• **Dataset extract**
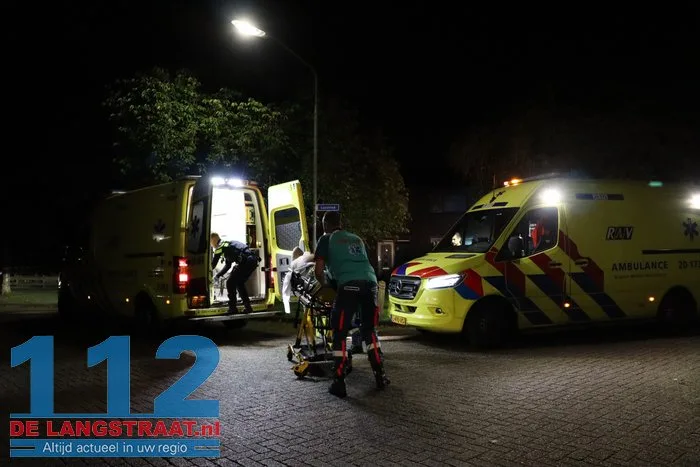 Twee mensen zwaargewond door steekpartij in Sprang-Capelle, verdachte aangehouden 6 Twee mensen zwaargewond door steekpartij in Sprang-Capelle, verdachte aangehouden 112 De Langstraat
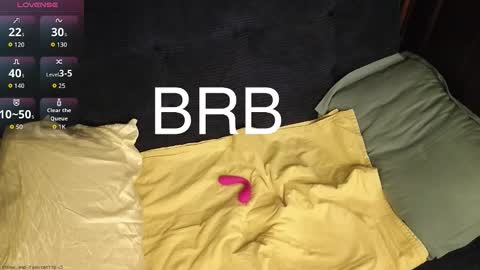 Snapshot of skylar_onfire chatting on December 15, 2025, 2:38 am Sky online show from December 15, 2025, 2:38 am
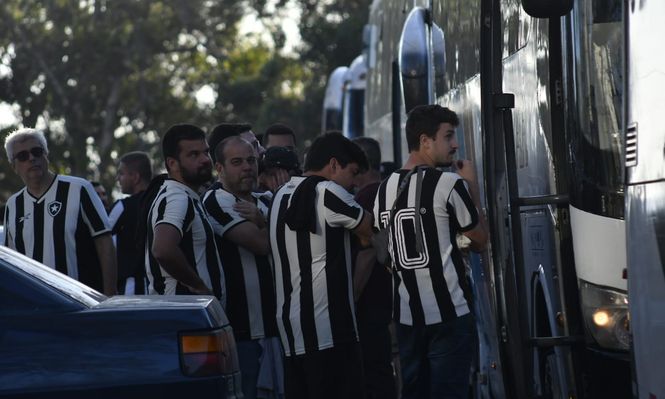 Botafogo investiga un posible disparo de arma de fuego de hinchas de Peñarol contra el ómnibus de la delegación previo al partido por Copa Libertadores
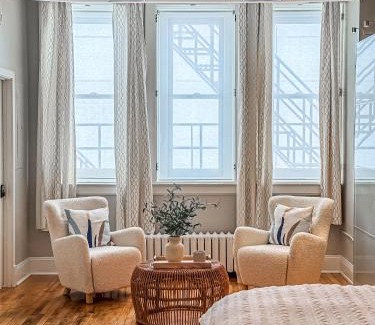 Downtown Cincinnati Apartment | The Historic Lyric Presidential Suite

• **What is needed**
When copying the listing, skip the pictures and keep each line exactly as written.

• **Output for this task**
 Twee mensen zwaargewond door steekpartij in Sprang-Capelle, verdachte aangehouden 6 Twee mensen zwaargewond door steekpartij in Sprang-Capelle, verdachte aangehouden 112 De Langstraat
 Snapshot of skylar_onfire chatting on December 15, 2025, 2:38 am Sky online show from December 15, 2025, 2:38 am
 Botafogo investiga un posible disparo de arma de fuego de hinchas de Peñarol contra el ómnibus de la delegación previo al partido por Copa Libertadores
 Downtown Cincinnati Apartment | The Historic Lyric Presidential Suite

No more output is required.